__GIVEN INFORMATION__.
########################################

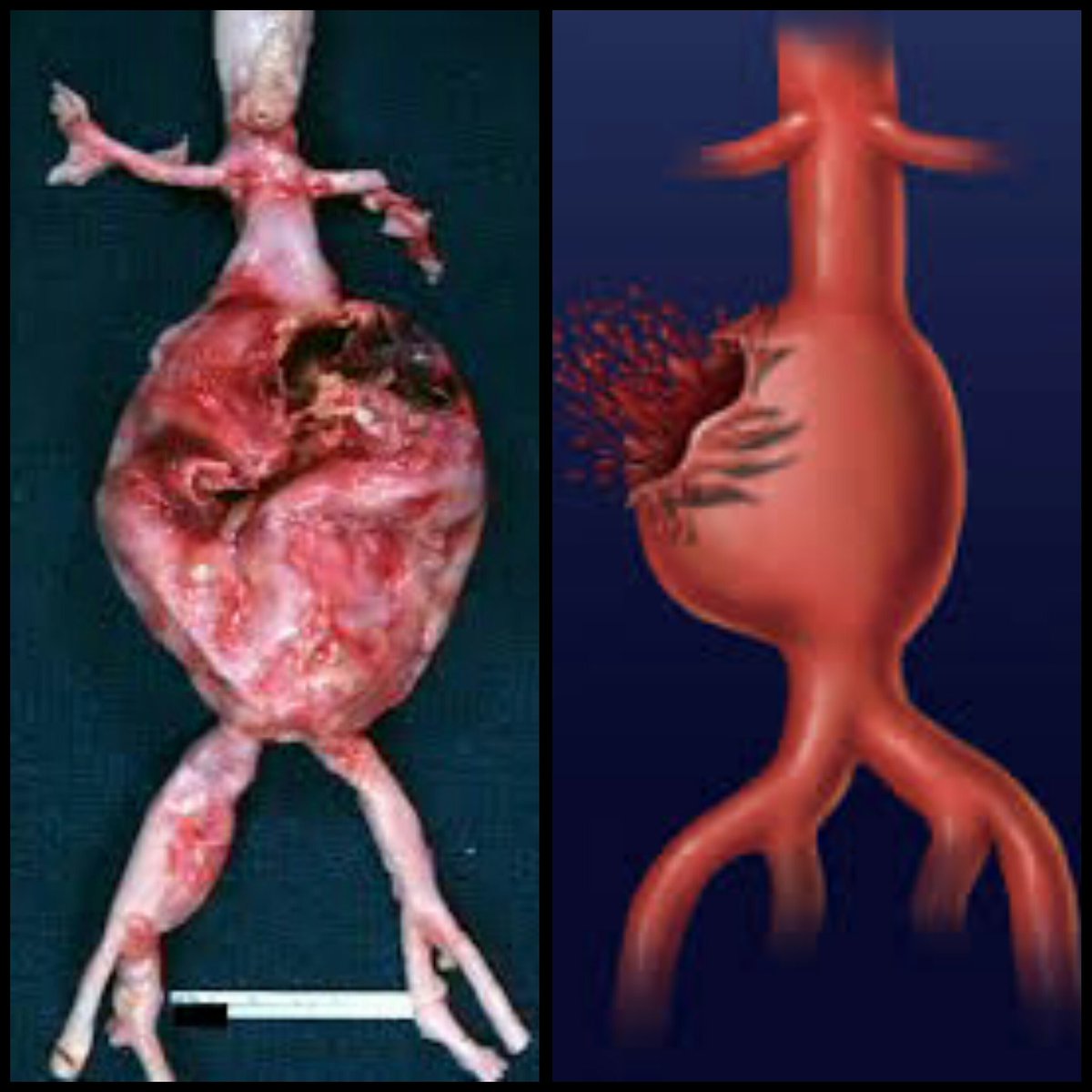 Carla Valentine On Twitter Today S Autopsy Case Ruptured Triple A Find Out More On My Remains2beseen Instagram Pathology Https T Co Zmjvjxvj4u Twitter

########################################

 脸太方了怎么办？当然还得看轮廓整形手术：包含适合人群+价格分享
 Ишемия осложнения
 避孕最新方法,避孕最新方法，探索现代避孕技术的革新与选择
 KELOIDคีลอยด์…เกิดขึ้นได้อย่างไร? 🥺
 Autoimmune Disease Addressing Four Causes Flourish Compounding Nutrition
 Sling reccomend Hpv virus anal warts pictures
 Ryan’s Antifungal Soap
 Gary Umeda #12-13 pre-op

########################################

__REQUIRED ACTION__.
Considering only the material above, set down every line from the one with "Sling reccomend Hpv" to the one with "Gary Umeda #12-13 pre-op", inclusive, exactly as written.

__SOLUTION BELOW__.
 Sling reccomend Hpv virus anal warts pictures
 Ryan’s Antifungal Soap
 Gary Umeda #12-13 pre-op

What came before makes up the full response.